Crawled caption data
----

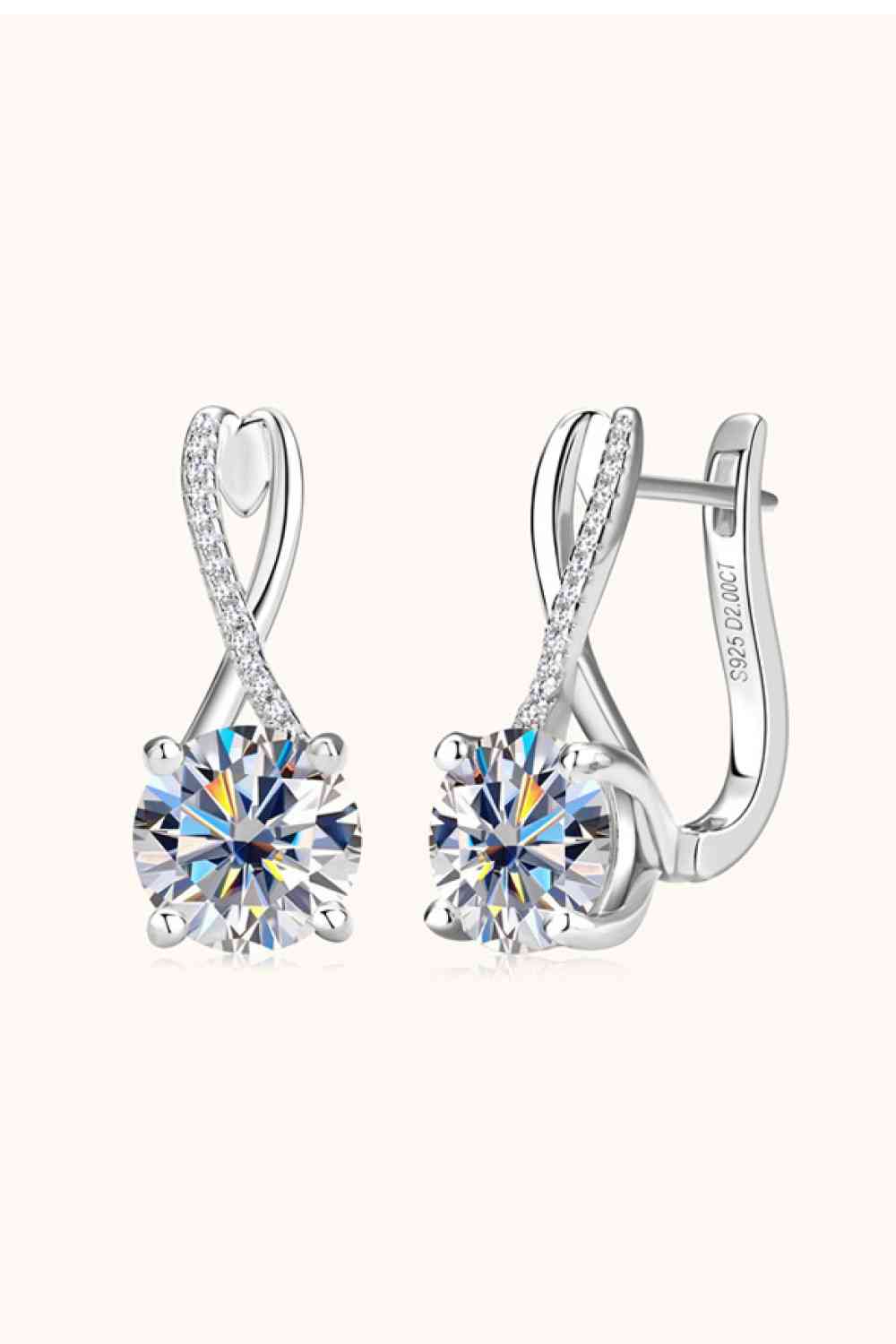 a pair of white gold earrings with a crystal stone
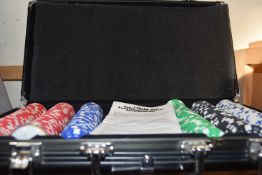 Quantity of Texas Hold-Em tournament poker to include chips, cards and dice, cased set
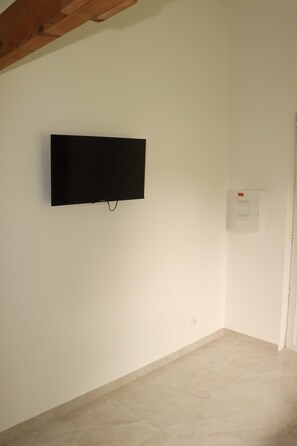 Une pièce avec un téléviseur fixé au mur, une porte et un sol carrelé.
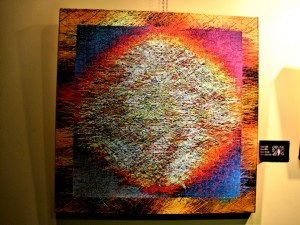 thousands of threads glued onto carpet canvas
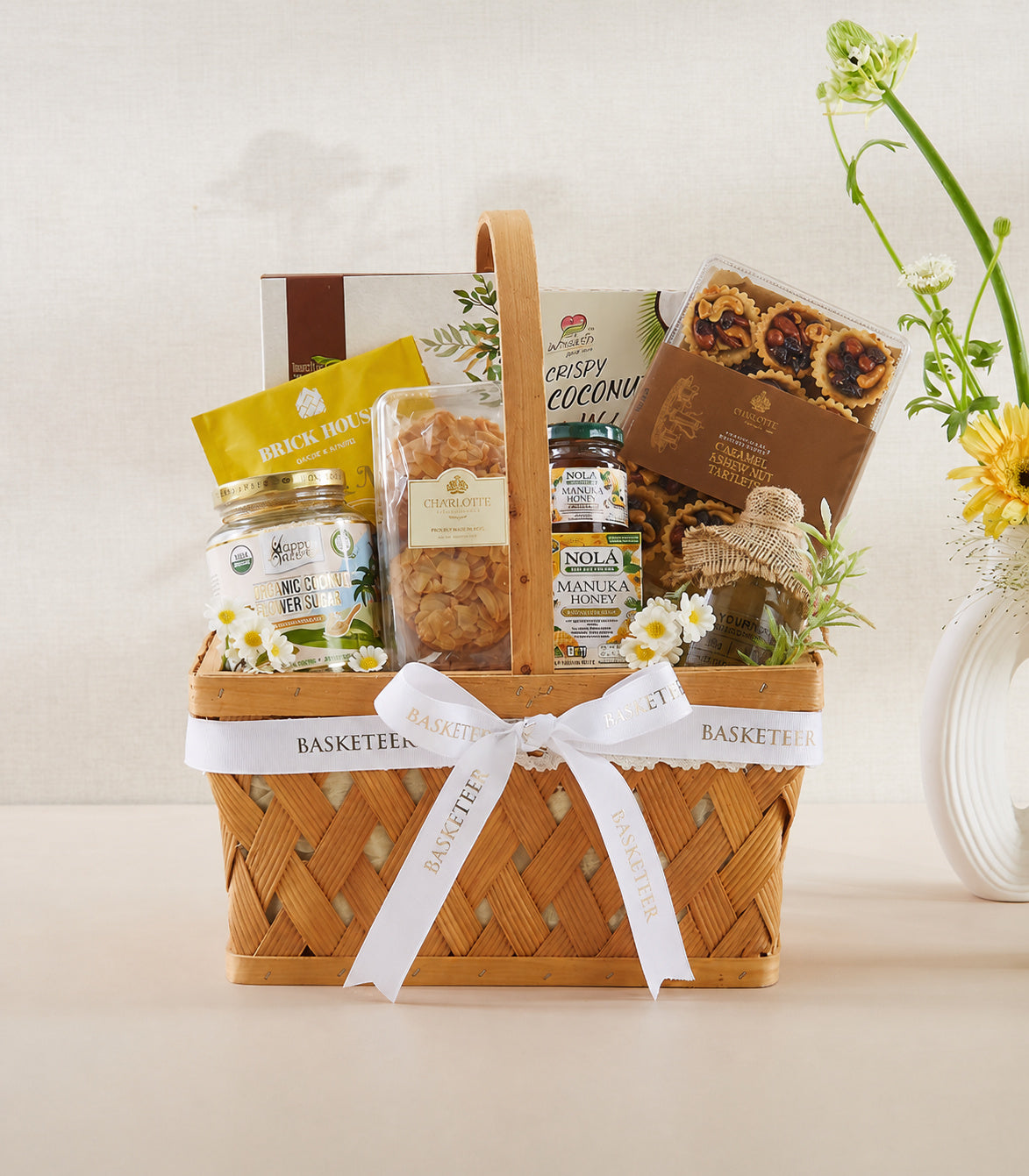 Basketeer luxury gift hamper with woven wooden basket, white ribbon, Nola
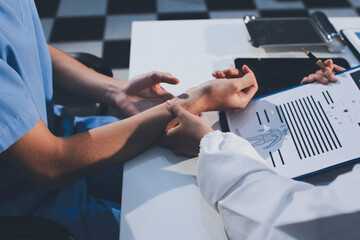 Young brunette woman having consultation at doctor office during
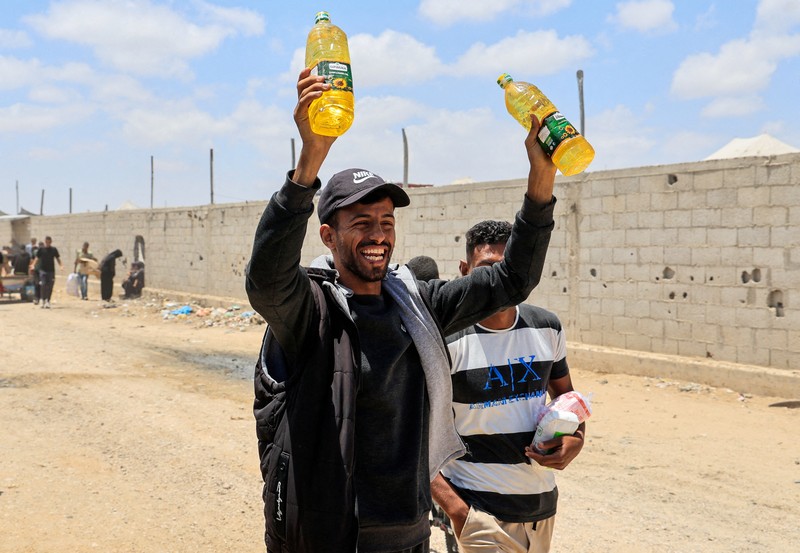 Orang-orang berjalan saat warga Palestina menerima pasokan bantuan dari Yayasan Kemanusiaan Gaza yang didukung AS, dekat wilayah Gaza yang dikenal sebagai koridor Netzarim, 29 Mei 2025. (REUTERS/Ramadan Abed)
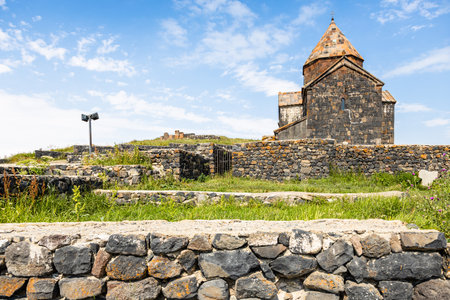 view of Surp Arakelots church in Sevanavank Sevan Monastery, Armenia on sunny summer day on Sevan Peninsulaの写真素材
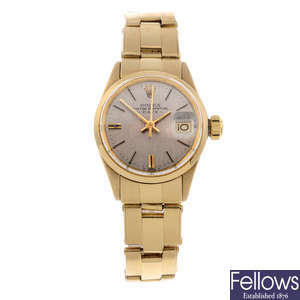 ROLEX - a lady's 18ct yellow gold Oyster Perpetual Date bracelet watch.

----

• **EXERCISE BRIEF**
Return exactly the lines from the line with "thousands of threads" through the last line of the data above, both included; pictures do not go in the answer.

• **RESPONSE AREA**
 thousands of threads glued onto carpet canvas
 Basketeer luxury gift hamper with woven wooden basket, white ribbon, Nola
 Young brunette woman having consultation at doctor office during
 Orang-orang berjalan saat warga Palestina menerima pasokan bantuan dari Yayasan Kemanusiaan Gaza yang didukung AS, dekat wilayah Gaza yang dikenal sebagai koridor Netzarim, 29 Mei 2025. (REUTERS/Ramadan Abed)
 view of Surp Arakelots church in Sevanavank Sevan Monastery, Armenia on sunny summer day on Sevan Peninsulaの写真素材
 ROLEX - a lady's 18ct yellow gold Oyster Perpetual Date bracelet watch.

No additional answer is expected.